*** Dataset section Section Begins ***

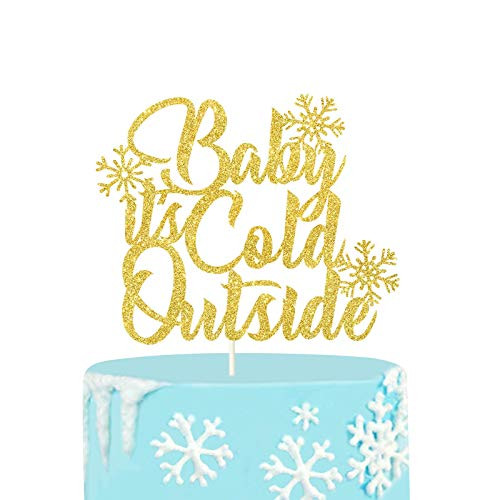 LILIPARTY Baby its Cold Outside Cake Topper Snowflake Topper Winter Baby Shower Topper Snowflake Baby Shower Winter Wonderland Party Decoration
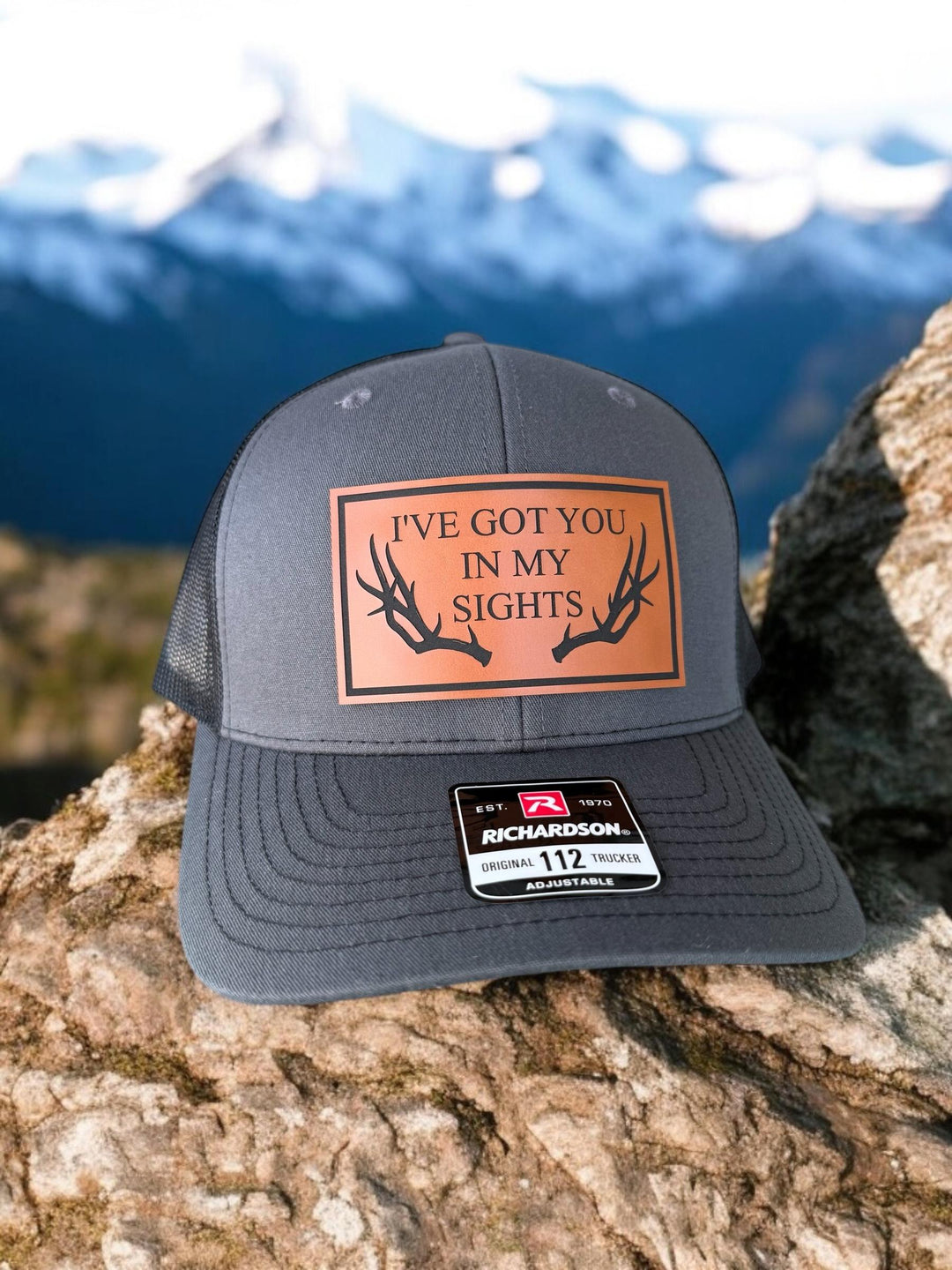 Funny deer antler hunting Richardson 112 trucker hat by BubbleHead Ink
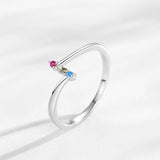 Dazzling Rainbow AAAA Lab Created Diamonds Geometric Design Silver Ring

*** Dataset section Section Ends ***

Task requirements: Print the material above verbatim, no images.

Reply to the exercise:
 LILIPARTY Baby its Cold Outside Cake Topper Snowflake Topper Winter Baby Shower Topper Snowflake Baby Shower Winter Wonderland Party Decoration
 Funny deer antler hunting Richardson 112 trucker hat by BubbleHead Ink
 Dazzling Rainbow AAAA Lab Created Diamonds Geometric Design Silver Ring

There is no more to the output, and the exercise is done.